FAQ -Update- Neutron detection methods (2015)
Posted: Thu Apr 30, 2015 5:44 pm
There are truly many ways to detect neutrons. In past postings it was noted that all neutron detection involved secondary events. As secondary events, such detection is usually effective only in rather large neutron fields. In short, it is very difficult to detect weakly emitting neutron events with a high degree of certainty without rather large expenditures of money or major construction and part collection efforts. This is quite apart from the effort in actual construction of a fusor. The neutron detection effort is a big win in and of itself and is often the would-be fusioneer's swan song, stopping many in their tracks. It separates the rich from the poor and true hands-on doers and hackers from the non-hackers. It sinks most of the DIY crowd, separating them from the true amateur scientist.
Add to the above the fact that virtually 100% of the folks who do finish a fusing fusor will produce very few neutrons on their first run. All who reach this point, wish to crown their extreme efforts with the vaunted and honored membership in the neutron club. Having a detection scheme capable of proving fusion is often an after thought that snags the feet of what might be a winner.
This post is an update of sorts that deals with those schemes capable of detecting limited neutron production, (fusion). I will put forward what I feel are the most sensitive methods in descending order of sensitivity.
1. 3He (helium 3) detection tubes. Much has already been written on this subject in this forum. This is the most sensitive and best method of neutron detection at very low levels. This is also the #1 most expense way to detect neutrons and, unfortunately, the method in which the amateur will have the least success even with ready cash to obtain a suitable tube and electronics. Once readily available for under $400.00 surplus, these now exceedingly rare detection tubes are rarely seen today at most any price due to the almost complete lack of helium 3 on the world market. Even with a tube, the electronics are special and a good electronics hobbyist or well heeled person will need to put forth a decent effort to make the tube work well. Still, luck and perseverance can create a win here.
1A. Russian 3He corona tubes. Ostensibly these are OK tubes. In practice, careful elelctronic shepherding is demanded in applying these tubes to succesfully work as suitable neutron counter detectors. A separate posting with data relating to using and interfacing these tubes can be viewed at...
viewtopic.php?f=13&t=10969
In general, these tubes, commonly found offered on e-bay, are a "pig in a poke". Do they work? Assuming they do, some special electronic skills may be needed to make the perform reliably.
2. BF3 (Boron Triflouride) detection tube. These were the detection item of choice during the Manhattan project and remain the current #1 tube still readily obtainable both in surplus and retail sales. Still rather pricey, but surplus tubes can be found in the $200.00 plus range. The same difficulty with electronics exists as with the 3He tube. However, this way is very doable for the well heeled or advanced electronics buff.

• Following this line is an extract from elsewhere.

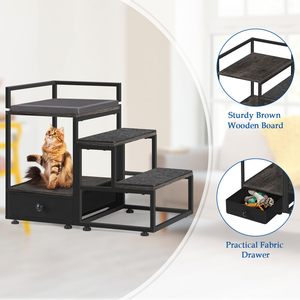 Cajón de almacenamiento, <span class=keywords><strong>cama</strong></span> elevada para mascotas, <span class=keywords><strong>cama</strong></span> para perros, plataforma multinivel, asiento de ventana <span class=keywords><strong>con</strong></span> escaleras para perros, percha para mascotas - Product Image 2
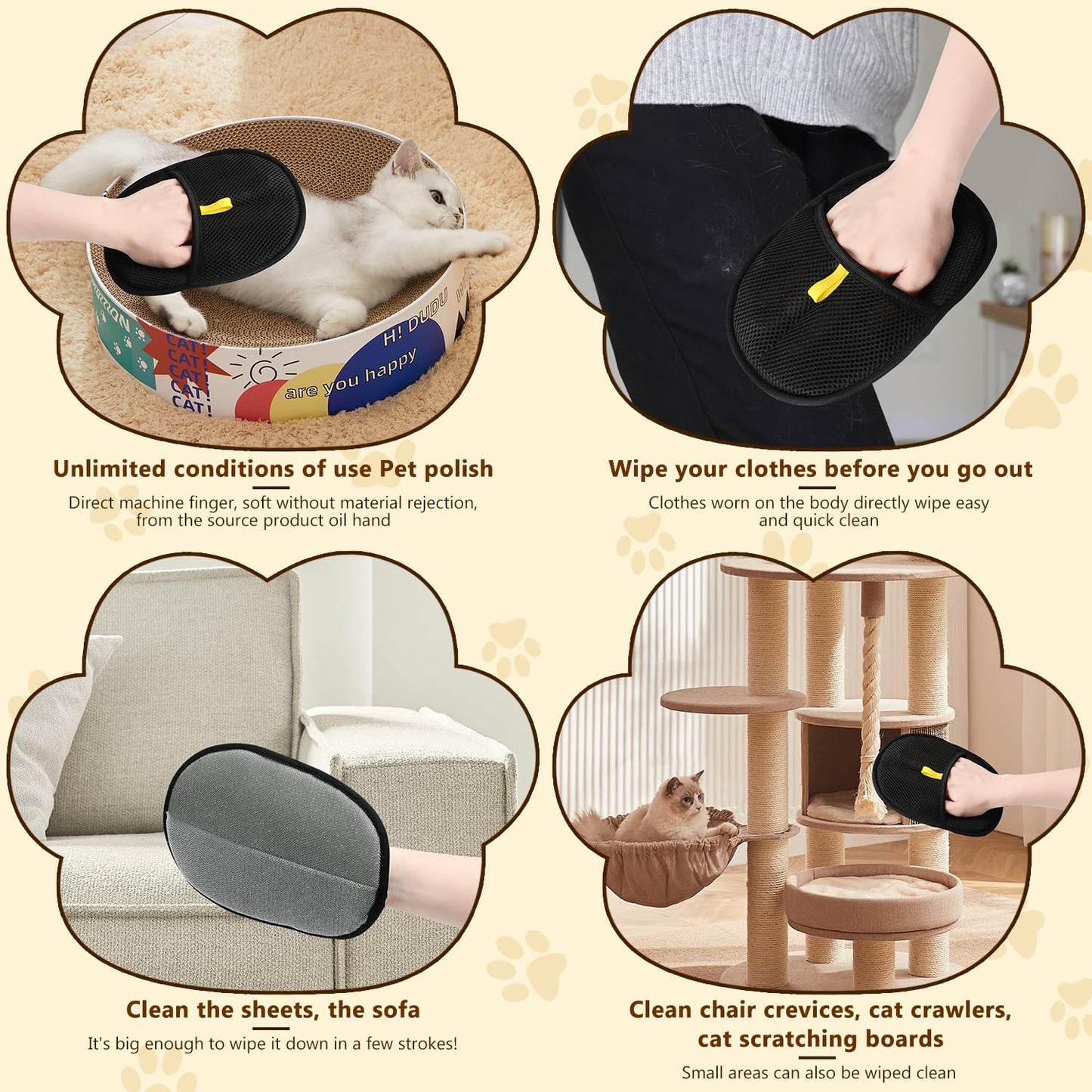 YIVANNUO Pet Hair Removal Glove for Cats & Dogs, 2025 Newly Upgraded Electrostatic Pet Hair Gloves, Reusable Pet Hair Remover Tool for Clothing, Couch, Carpet, Curtain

3. Boron lined detection tubes. These are, for the most part, rather ancient and are almost totally surplus items, but can often be found for less than $100.00. These are a bear to get working well for those who do not already possess or have access to a neutron source for calibration and electronic windowing. The electronics are only a bit less complicated but much more finicky of adjustment than the above methods. General Electric made most of these older tubes back in the 50's and 60's, but they made tens of thousands of them.
4. Large area silver activation schemes. While extensive comparisons are not yet done here, this method, in the right hands and correctly applied could possibly compete with the Boron lined tube and perhaps even a smaller BF3 tube. The good news is this can be a cheap and simple method though very involved with a good bit of DIY needed to hold down costs. A good deal has been written in a couple of postings on this method in this forum. The method involves corrugated Silver foil in a long strip, rolled up and immersed in a special beta scintillating liquid and a photomultiplier tube looking up through this liquid to count the beta particle released from neutron activated silver. The electronics is a good bit easier to work on and assemble than that of the BF3 or 3He tube.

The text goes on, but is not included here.